Activation of NF-kappaB by Toxoplasma gondii correlates with increased expression of antiapoptotic genes and localization of phosphorylated IkappaB to the parasitophorous vacuole membrane.

Mammalian cells infected with Toxoplasma gondii are resistant to apoptosis induced by a variety of stimuli. We have demonstrated that the host transcription factor NF-kappaB plays a pivotal role in the T.-gondii-mediated blockade of apoptosis because inhibition is lost in cells lacking the p65 (RelA) subunit of NF-kappaB (p65-/-). In the present study, we examined the effects of T. gondii infection on NF-kappaB activation and the expression of genes involved in the apoptotic cascade. Infection of wild-type mouse embryonic fibroblasts (MEFs) with T.-gondii-induced nuclear translocation of the p50 and p65 subunits of NF-kappaB as examined by immunoblotting of nuclear extracts, immunofluorescence and electrophoretic mobility shift assays. A comparison of apoptotic gene expression profiles from wild-type and p65-/- MEFs revealed distinct patterns of induction in response to T. gondii infection. In particular, the differences seen in the Bcl-2 and IAP families are consistent with the antiapoptotic responses observed in the resistant wild-type cells compared with the sensitive p65-/- fibroblasts.
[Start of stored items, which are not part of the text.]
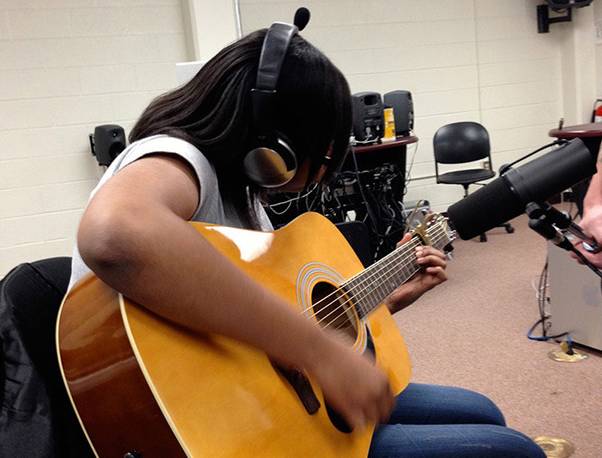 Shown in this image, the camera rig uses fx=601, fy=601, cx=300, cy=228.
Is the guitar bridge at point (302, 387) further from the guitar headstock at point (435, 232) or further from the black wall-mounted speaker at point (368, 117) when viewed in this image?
the black wall-mounted speaker at point (368, 117)

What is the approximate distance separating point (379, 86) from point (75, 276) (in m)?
4.55

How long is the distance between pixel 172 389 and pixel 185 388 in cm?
2

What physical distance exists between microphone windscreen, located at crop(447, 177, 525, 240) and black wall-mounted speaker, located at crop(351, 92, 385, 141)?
310 cm

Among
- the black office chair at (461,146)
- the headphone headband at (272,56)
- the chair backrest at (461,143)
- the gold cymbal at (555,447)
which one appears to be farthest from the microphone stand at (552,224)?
the chair backrest at (461,143)

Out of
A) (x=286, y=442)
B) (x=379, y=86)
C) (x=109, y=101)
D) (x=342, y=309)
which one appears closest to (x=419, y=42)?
(x=379, y=86)

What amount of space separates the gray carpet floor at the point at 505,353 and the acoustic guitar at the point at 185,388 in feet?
4.74

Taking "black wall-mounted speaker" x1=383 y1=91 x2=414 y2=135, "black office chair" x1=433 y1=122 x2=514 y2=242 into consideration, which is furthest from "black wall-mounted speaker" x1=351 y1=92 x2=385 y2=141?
"black office chair" x1=433 y1=122 x2=514 y2=242

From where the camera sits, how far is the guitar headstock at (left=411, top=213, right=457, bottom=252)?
1400mm

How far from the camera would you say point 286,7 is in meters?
4.78

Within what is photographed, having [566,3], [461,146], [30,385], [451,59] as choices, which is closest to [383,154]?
[461,146]

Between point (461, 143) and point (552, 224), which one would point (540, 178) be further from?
point (461, 143)

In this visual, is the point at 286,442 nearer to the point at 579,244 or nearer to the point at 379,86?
the point at 579,244

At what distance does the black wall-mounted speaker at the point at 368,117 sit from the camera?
4066mm

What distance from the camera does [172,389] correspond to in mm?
687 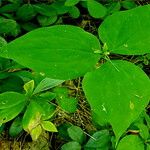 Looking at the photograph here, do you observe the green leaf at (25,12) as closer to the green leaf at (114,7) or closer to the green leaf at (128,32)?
the green leaf at (114,7)

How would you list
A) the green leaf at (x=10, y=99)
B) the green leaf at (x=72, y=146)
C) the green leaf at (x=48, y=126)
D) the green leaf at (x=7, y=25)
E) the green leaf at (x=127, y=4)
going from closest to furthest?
the green leaf at (x=10, y=99) < the green leaf at (x=48, y=126) < the green leaf at (x=72, y=146) < the green leaf at (x=7, y=25) < the green leaf at (x=127, y=4)

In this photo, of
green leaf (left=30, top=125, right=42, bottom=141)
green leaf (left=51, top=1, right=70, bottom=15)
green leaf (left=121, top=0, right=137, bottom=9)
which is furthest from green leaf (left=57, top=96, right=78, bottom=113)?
green leaf (left=121, top=0, right=137, bottom=9)

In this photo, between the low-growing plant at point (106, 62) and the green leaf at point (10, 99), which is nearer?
the low-growing plant at point (106, 62)

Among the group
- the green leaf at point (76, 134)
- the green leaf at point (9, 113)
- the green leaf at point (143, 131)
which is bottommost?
the green leaf at point (76, 134)

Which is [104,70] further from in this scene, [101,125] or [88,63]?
[101,125]

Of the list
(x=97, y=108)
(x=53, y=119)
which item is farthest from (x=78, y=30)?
(x=53, y=119)

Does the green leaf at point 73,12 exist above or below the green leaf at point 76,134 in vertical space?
above

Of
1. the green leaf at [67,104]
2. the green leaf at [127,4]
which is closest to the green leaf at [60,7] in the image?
the green leaf at [127,4] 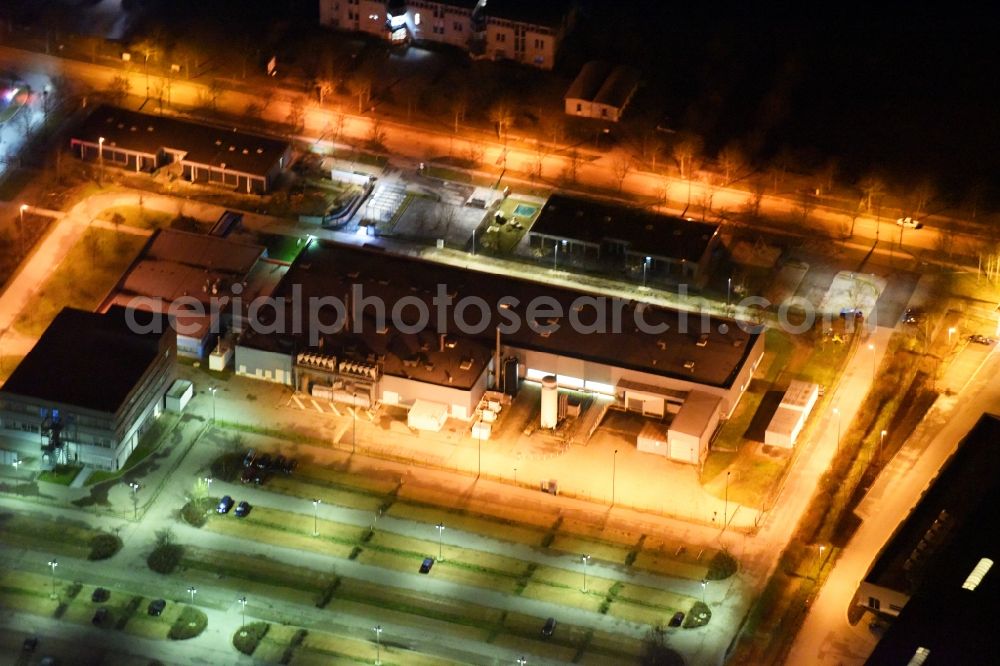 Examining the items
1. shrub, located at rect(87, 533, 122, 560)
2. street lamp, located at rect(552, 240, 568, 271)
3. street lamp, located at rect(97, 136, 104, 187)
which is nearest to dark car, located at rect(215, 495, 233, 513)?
shrub, located at rect(87, 533, 122, 560)

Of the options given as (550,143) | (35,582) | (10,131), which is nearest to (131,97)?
(10,131)

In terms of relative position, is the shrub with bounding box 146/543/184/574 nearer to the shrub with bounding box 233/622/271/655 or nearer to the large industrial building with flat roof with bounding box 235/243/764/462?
the shrub with bounding box 233/622/271/655

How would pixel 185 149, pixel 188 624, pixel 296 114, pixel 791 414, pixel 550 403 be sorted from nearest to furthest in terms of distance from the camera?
pixel 188 624, pixel 550 403, pixel 791 414, pixel 185 149, pixel 296 114

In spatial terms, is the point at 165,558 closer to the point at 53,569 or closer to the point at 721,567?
the point at 53,569

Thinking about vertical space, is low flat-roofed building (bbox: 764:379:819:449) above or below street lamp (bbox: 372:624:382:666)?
above

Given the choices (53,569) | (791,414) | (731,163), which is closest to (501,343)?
(791,414)

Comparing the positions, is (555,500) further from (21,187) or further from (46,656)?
(21,187) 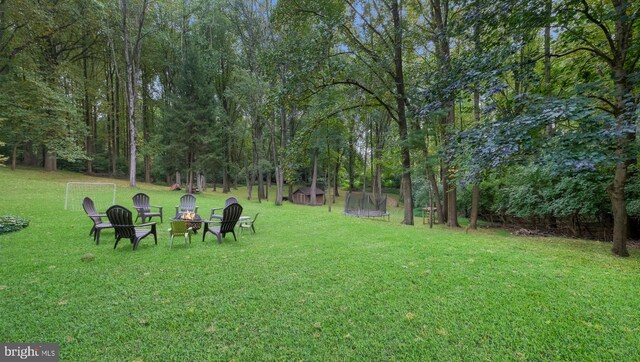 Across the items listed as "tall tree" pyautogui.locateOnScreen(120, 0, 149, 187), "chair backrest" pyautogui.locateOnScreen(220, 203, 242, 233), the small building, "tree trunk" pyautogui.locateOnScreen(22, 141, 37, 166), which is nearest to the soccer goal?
"tall tree" pyautogui.locateOnScreen(120, 0, 149, 187)

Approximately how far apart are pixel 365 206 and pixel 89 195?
13.6 m

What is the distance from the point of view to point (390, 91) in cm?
921

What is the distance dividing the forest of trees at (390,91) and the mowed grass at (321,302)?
1.53 metres

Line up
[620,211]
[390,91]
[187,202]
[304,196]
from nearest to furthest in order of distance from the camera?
[620,211] → [187,202] → [390,91] → [304,196]

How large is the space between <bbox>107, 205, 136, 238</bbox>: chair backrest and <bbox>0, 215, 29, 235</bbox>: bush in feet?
10.6

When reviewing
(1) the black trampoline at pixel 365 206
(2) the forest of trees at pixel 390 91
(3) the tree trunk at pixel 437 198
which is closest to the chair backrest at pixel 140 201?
(2) the forest of trees at pixel 390 91

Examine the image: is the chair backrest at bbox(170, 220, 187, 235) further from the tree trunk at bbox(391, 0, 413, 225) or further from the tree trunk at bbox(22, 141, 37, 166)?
the tree trunk at bbox(22, 141, 37, 166)

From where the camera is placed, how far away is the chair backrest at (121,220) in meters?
4.82

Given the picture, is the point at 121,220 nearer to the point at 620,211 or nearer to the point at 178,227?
the point at 178,227

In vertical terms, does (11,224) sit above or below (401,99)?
below

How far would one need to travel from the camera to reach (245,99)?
1898 centimetres

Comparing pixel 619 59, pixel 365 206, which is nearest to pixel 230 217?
pixel 619 59

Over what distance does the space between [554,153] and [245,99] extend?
61.2 ft

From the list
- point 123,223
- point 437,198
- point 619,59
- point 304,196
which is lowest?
point 304,196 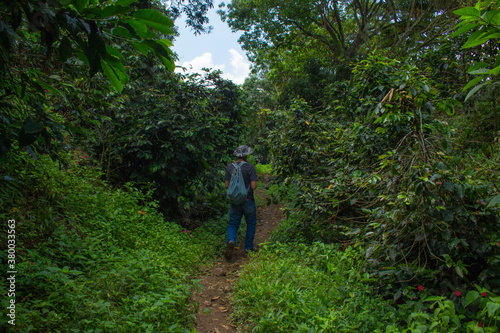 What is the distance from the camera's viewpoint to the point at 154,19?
1.49 metres

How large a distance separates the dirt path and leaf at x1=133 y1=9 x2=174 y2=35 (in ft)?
8.69

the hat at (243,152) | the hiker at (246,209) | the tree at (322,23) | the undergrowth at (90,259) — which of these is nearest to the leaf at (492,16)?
the undergrowth at (90,259)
Consistent with NF-kappaB activation, T. gondii infection promoted phosphorylation of the inhibitor IkappaB. Interestingly, phosphorylated IkappaB was concentrated on the parasitophorous vacuole membrane (PVM), suggesting a parasite-directed event. Results from this study suggest that activation of NF-kappaB plays an important role in stimulation of antiapoptotic gene expression by T. gondii. Furthermore, recruitment of phosphorylated IkappaB to the PVM implies the presence of intrinsic factor(s) in T. gondii that might be used to manipulate the NF-kappaB signaling pathway in the host to elicit a survival response during infection.